Est-ce un code secret? Compréhensible par les seuls habitants de Bettwil: «140: nie» ou «140: nein» («140: jamais»)? Les panneaux se voient de loin, rivalisant avec les publicités pour œufs et jus de pomme frais. L’inscription, parfois couplée à «Pas de centre d’asile», recouvre presque toutes les demeures de la rue principale. La pression est forte pour le nouvel arrivant, dans ce village argovien qui surplombe le lac de Hallwil. Un village qui depuis dix jours fait de la résistance à Berne sans rechigner sur les moyens.

«D’ordinaire, nous nous démenons pour les décorations de Noël. Cette année nous avons une autre priorité. Nous sommes prêts à tout.» Cette autre «priorité» dont parle Jacqueline Wiederkehr, une habitante, est l’ouverture par la Confédération d’un centre provisoire pour requérants d’asile, pensé pour 140 personnes. Elle interviendra mi-janvier dans un cantonnement militaire à l’orée du bois qui surplombe la localité. Bettwil dénonce une «dictature».

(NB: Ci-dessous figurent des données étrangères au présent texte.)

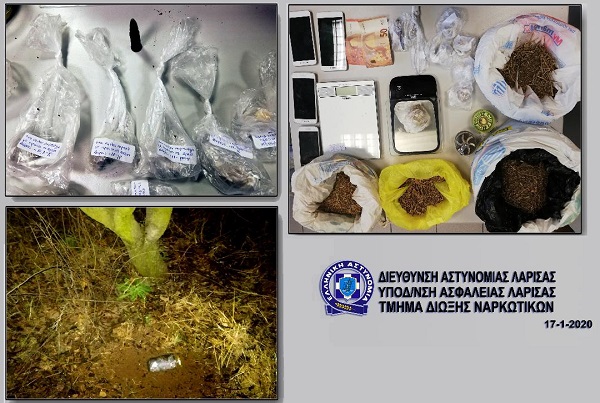 ΤΡΕΙΣ ΣΥΛΛΗΨΕΙΣ ΓΙΑ ΧΑΣΙΣ ΚΑΙ ΗΡΩΙΝΗ ΣΤΗ ΓΙΑΝΝΟΥΛΗ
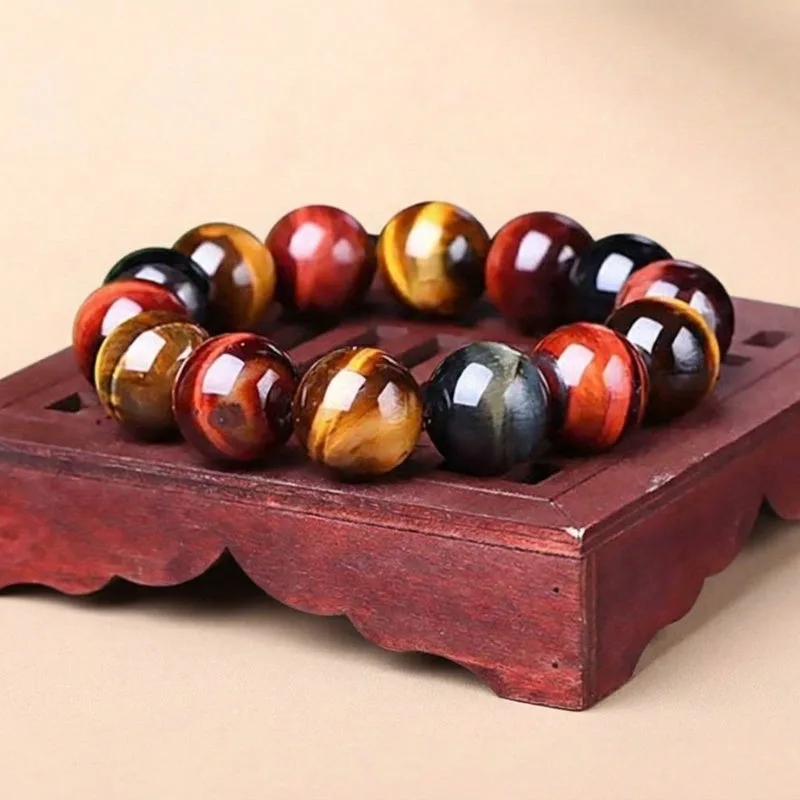 Bransoletka z tygrysim okiem Buddha & Karma Clarity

C’est le 22 novembre que les 557 habitants ont appris cette installation prochaine par lettre interposée. Depuis, la colère gronde. On a peur, on le dit – parfois très âprement. Peu importe, les appels d’urgence formulés par l’Office fédérale des migrations (ODM), qui annonce des chiffres record de demandeurs d’asile pour novembre, notamment en provenance d’Afrique du Nord. «Nous ne sommes pas racistes. Nous avons notre quota d’étrangers. Mais ce chiffre de 140 est disproportionné vu la taille de notre village», argumente Wolfgang Schibler, président UDC. Venue lundi à Aarau, la conseillère fédérale Simonetta Sommaruga a promis que ce centre ne serait ouvert que six mois durant. Il n’est donc soumis à aucun règlement de construction

Manquements à Berne?

Une chose paraît certaine dans un camp comme dans l’autre: l’ODM est débordé. Durant les trois premiers trimestres 2011, la Suisse a enregistré 14 711 demandes d’asile, 20,8% de plus qu’en 2010. Les critiques se répètent, surtout en Suisse alémanique, à l’égard du Département de justice et police, et particulièrement de son ancienne cheffe. Eveline Widmer-Schlumpf aurait ignoré le problème de la place à disposition, martèle ainsi le conseiller national Philipp Müller (PLR), réputé pour sa ligne dure en matière d’asile.

La Confédération peut accueillir 1600 personnes dans ses cinq centres, pour l’heure débordés. L’hiver dernier, l’ODM, encore dirigé par Alard du Bois-Reymond, annonçait la mise sur pieds de 2000 lits supplémentaires pour répondre aux besoins. L’armée a proposé 6000 places dans des casernes. Depuis, seuls 1500 d’entre eux ont été estimés adéquats au vu des installations sanitaires à disposition. Et jusqu’ici, un seul et unique centre a été ouvert. Il est situé au col du Jaun, entre Fribourg et Berne, et peut accueillir 50 personnes. Certains critiquent un manque d’engagement de la part du Département de la défense. L’ODM explique cette lenteur par des négociations «difficiles» avec les cantons où figurent ces infrastructures. Mais, promet-on, «plusieurs centaines» de places devraient être à disposition d’ici à avril 2012.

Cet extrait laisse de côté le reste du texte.